What you should end up with is an exact copy of the lines from the one holding "286 Piece Stainless" through the last line of the entries below, both included, and nothing else; leave every picture out.

______________________________

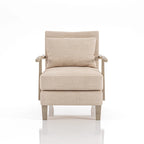 Contemporary Beige Fabric & Vinyl Accent Chair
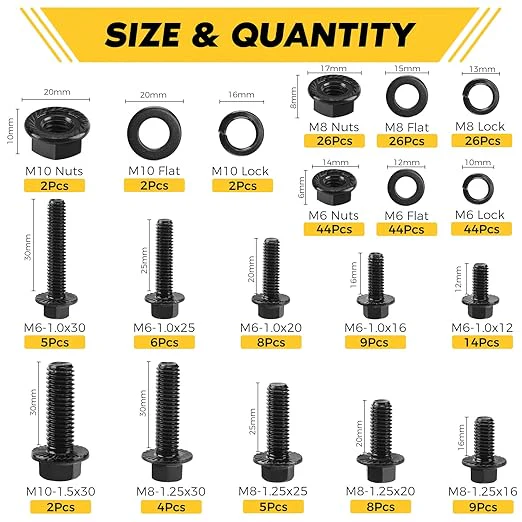 286 Piece Stainless Steel 304 Metric Flange Bolt Nut Assortment Kit M6 M8 M10 SS0286P - Image 2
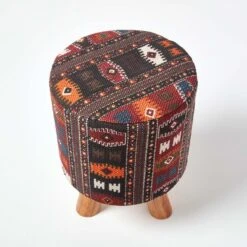 Tall Kilim Footstool With Wooden Legs -Best Homeware Store sf1579 03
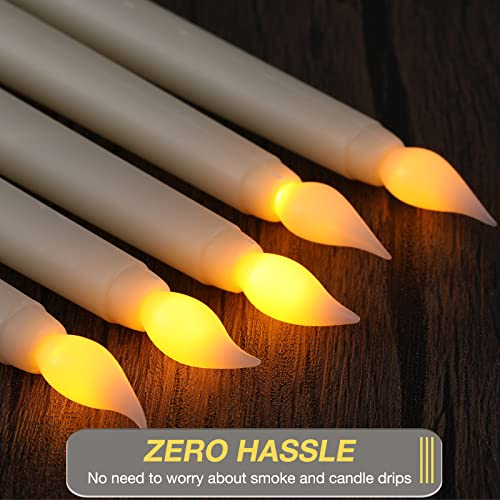 Image of Tuanse 24 Pack Flameless Flicker Taper Candles Bulk with Remote and Timer, Battery Operated LED Warm White Taper Candles Light for Home Wedding Decoration Gifts (Beige,11 Inch)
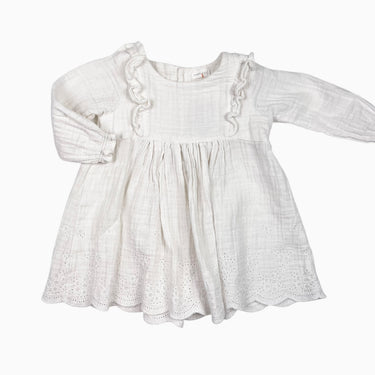 Robe blanche en mousseline avec broderie anglaise 2Y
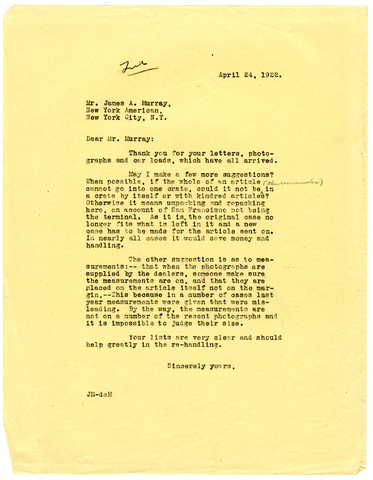Letter from Julia Morgan to James A. Murray, April 24, 1922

______________________________

== WRITTEN ANSWER ==
 286 Piece Stainless Steel 304 Metric Flange Bolt Nut Assortment Kit M6 M8 M10 SS0286P - Image 2
 Tall Kilim Footstool With Wooden Legs -Best Homeware Store sf1579 03
 Image of Tuanse 24 Pack Flameless Flicker Taper Candles Bulk with Remote and Timer, Battery Operated LED Warm White Taper Candles Light for Home Wedding Decoration Gifts (Beige,11 Inch)
 Robe blanche en mousseline avec broderie anglaise 2Y
Letter from Julia Morgan to James A. Murray, April 24, 1922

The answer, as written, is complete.